気まずさに顔を俯けていると、東条が皆に向かって声高らかに言った。

「みんな!こちら、宮原陽斗君。かわいいだろう?まさに、僕の大切な人さ」

「……っ」

堂々と言い切る東条を、俺は焦って見上げる。

(大切な人って……!)

これはもう、全員の前で告白されたも同然じゃないか……!?

するとその瞬間、女子達が一斉に騒ぎ出した。

「ええー!?ちょっと待って、さっき言ってたのって……!?」

「やだ!相手は男の子だったの!?もう♡東条君たらっ♡」

「まじ!?BL展開、だと……!?またの名を、神展開という……」

……ああ、はい。

最近の女子といえば、BL好きは結構多いらしい。

まぁそれはいいとして。

俺は元々恋愛対象は女だ。

ただ、今回はたまたま、好きになったなぜか相手が男だったってだけで……。

(もう好きだって気付いてるけど……俺だって、まだ戸惑ってるとこあるんだっての)

興奮する女子達を眺めつつ、俺はガクリと項垂れた。

こうやって囃し立てられるのは、あまり好きじゃない。

そしてここに、それを気にも留めない人が約一名。

「ささ、陽斗君。
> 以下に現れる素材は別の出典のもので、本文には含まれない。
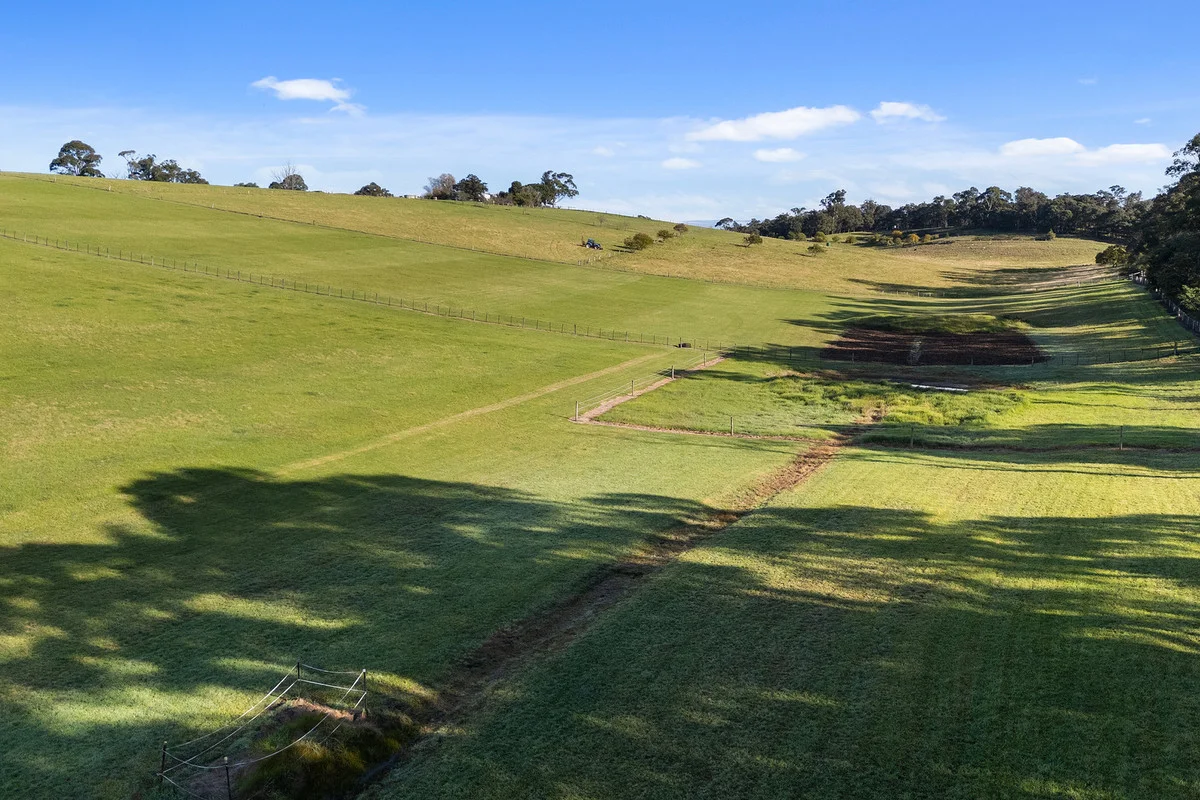 Additional image 9 of 162 Baines Road, Mossiface VIC 3885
ここに座って?」

東条はサッサとソファー席に腰を下ろすと、隣の空いた所をポンポンと手で叩き、催促してくる。

「い、いや、俺は……っ」

「いいから、おいで?それとも……僕の隣は、嫌かい?」

「……っ」

その聞き方はズルい。

断れねーだろ。

東条の誘惑に顔を赤らめながらも、どうやって逃げようか考えていると、女子達も俺に座るよう促してきた。

「陽斗君、座りなよ~!……って、やだ、近くで見るともっとかわいい……!」

「ほんとだぁ!ねぇ、女顔ってよく言われない!?」

「かっ、完全にBLにしか見えない……!ちょ、写メ撮らせて下さい……!」

(はぁ……もー、参った)

逃走不可能と悟り、俺は渋々席についた。